Boyun eğmeyen bir tanguero: Yoldaş Osvaldo Pugliese

Pugliese cesurdur. Komünist Partili besteci, partiye girdiği 36’dan sonra sık sık tutuklanır. Hemen tüm hükümetler tarafından… Bunların ilki, 1939’da, adlı adınca orkestrasını kurduğu yıl, bir parti lokalinin açılışında olur.

Ekin Sönmez

Tangoculardan bu dansı ya da müziği icra edenler arasında yolu soldan geçmiş olan var mıydı diye az çok bakanlar, mutlaka Pugliese’ye denk gelirler.

Tangonun “yetişkinlik” dönemi bestecilerinden Pugliese, bu türün en dramatik, en yoğun eserlerini vermiş maestrolarındandır.
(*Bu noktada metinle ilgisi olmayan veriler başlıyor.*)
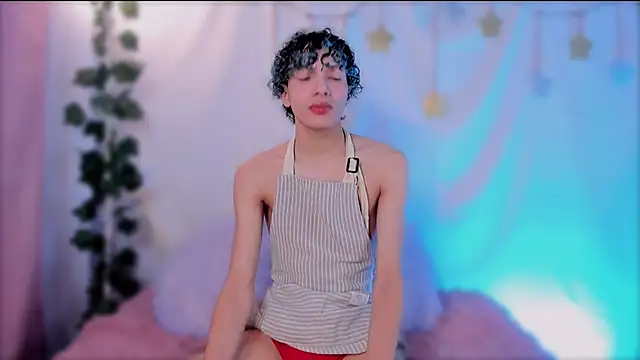 Im Alejo online show from October 22, 1:50 am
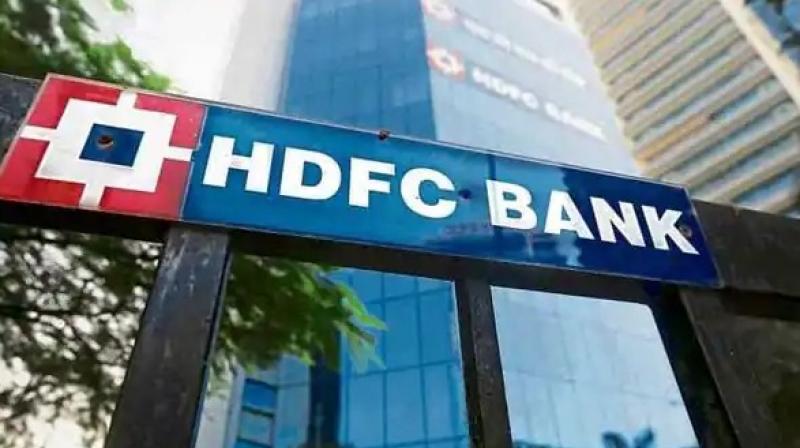 HDFC BANK HDFC BANK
Belki tüm zamanların en iyilerindendir, tangonun en büyük değerlerindendir.

Pugliese güçlüdür. Zordur. Deneyseldir. Ve elbette avangarttır. 

Ne tesadüf ki Avrupa ve Latin Amerika’nın harmanlandığı bu göçmen dansının, kökenleri Avrupa ve Latin Amerika’ya dayanan bir bestecisidir. 
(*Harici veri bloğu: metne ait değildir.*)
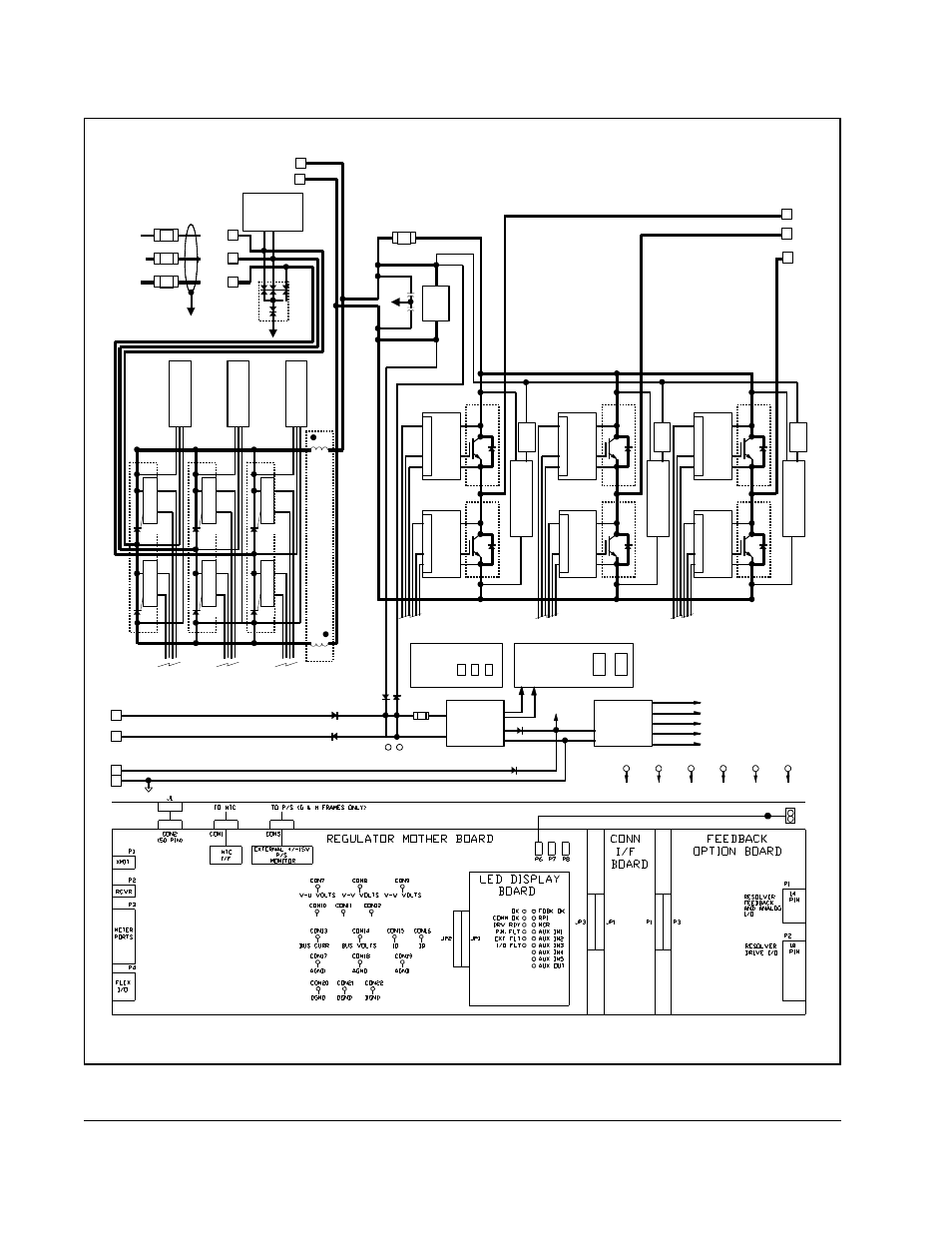 Sa3100 power modules | Rockwell Automation SA3100 AC Power Modules User Manual | Page 76 / 122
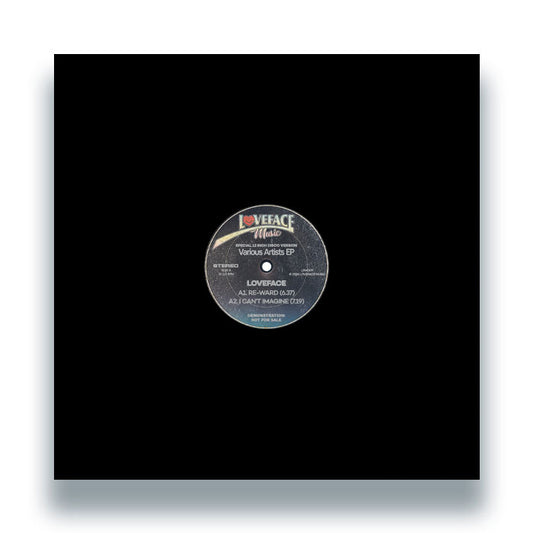 Loveface / Lil Chicago - Various Artists EP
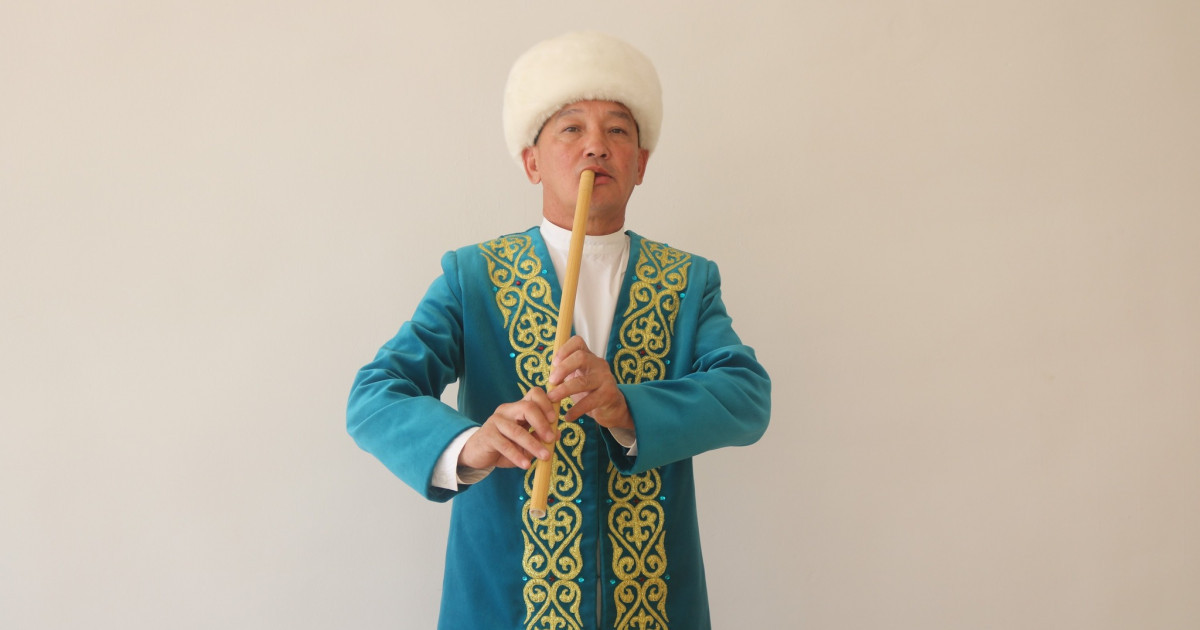 Сыбызғышы Халиолла Нағиевтің шығармашылығы туралы не білеміз?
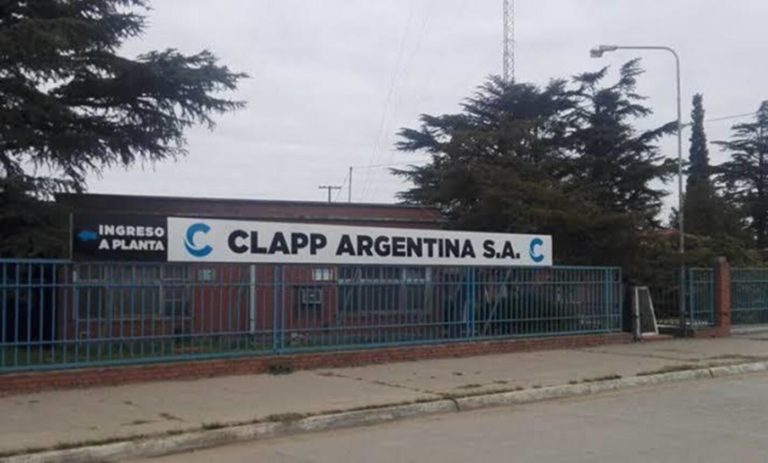 Crisis autopartista: CLAPP cierra su planta de Jeppener. Despedirá a todos sus operarios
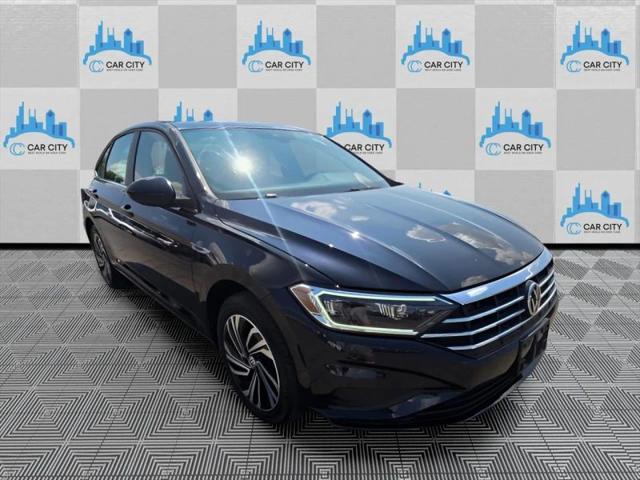 2020 Volkswagen Jetta 1.4T SEL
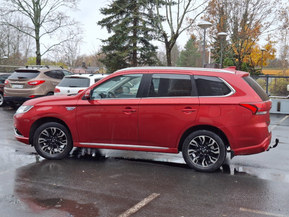 Mitsubishi Outlander PHEV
Pugliese bir emekçi çocuğudur. 1905 doğumludur, 1900’lerin başında doğan ve geçtiğimiz yüzyıla büyük iz bırakan aydınlarla aynı yıllarda dünyaya gelmiştir. Ailesinde de müzisyenler vardır; ama o “otodidakt”tır, yani kendi kendine öğrenenlerden. 13-14 yaşlarında enstrümanına, piyanoya kavuşur. 30’larda müziğiyle ülkesini dolaşmaya çıkar, ve bu ilk turnelerden zarar ederek döner. 1935’te Arjantin’in çalmak için daha fazla yer ve çalışma koşullarında iyileştirmeler talep eden, yapımcıların ve plak şirketlerinin sömürüsüne karşı müzisyenlerin ihtiyaçlarını savunan ilk Müzisyenler Sendikası’nın 5 numaralı üyesidir. Aynı yıl ilk kabare grevini örgütler.1 Franco faşizmine karşı tüm dünyada aydınların harekete geçtiği bir dönemde, kemancı arkadaşı Enrique Cantore ile Arjantin Komünist Partisi’ne katılır. 1936’da 108 üyelik numarası ile Arjantin Komünist Partisi’nin üyesi olur, ve 1989’da ölene kadar da öyle kalır. Parti “her gün alıp verdiği nefes”tir onun için2. O tarihten itibaren Pugliese’nin hikayesi ile komünist hareketin tarihi kesişmiş olur. Siyasi faaliyeti, yaşamını da, çalışmalarını da dönüştürür.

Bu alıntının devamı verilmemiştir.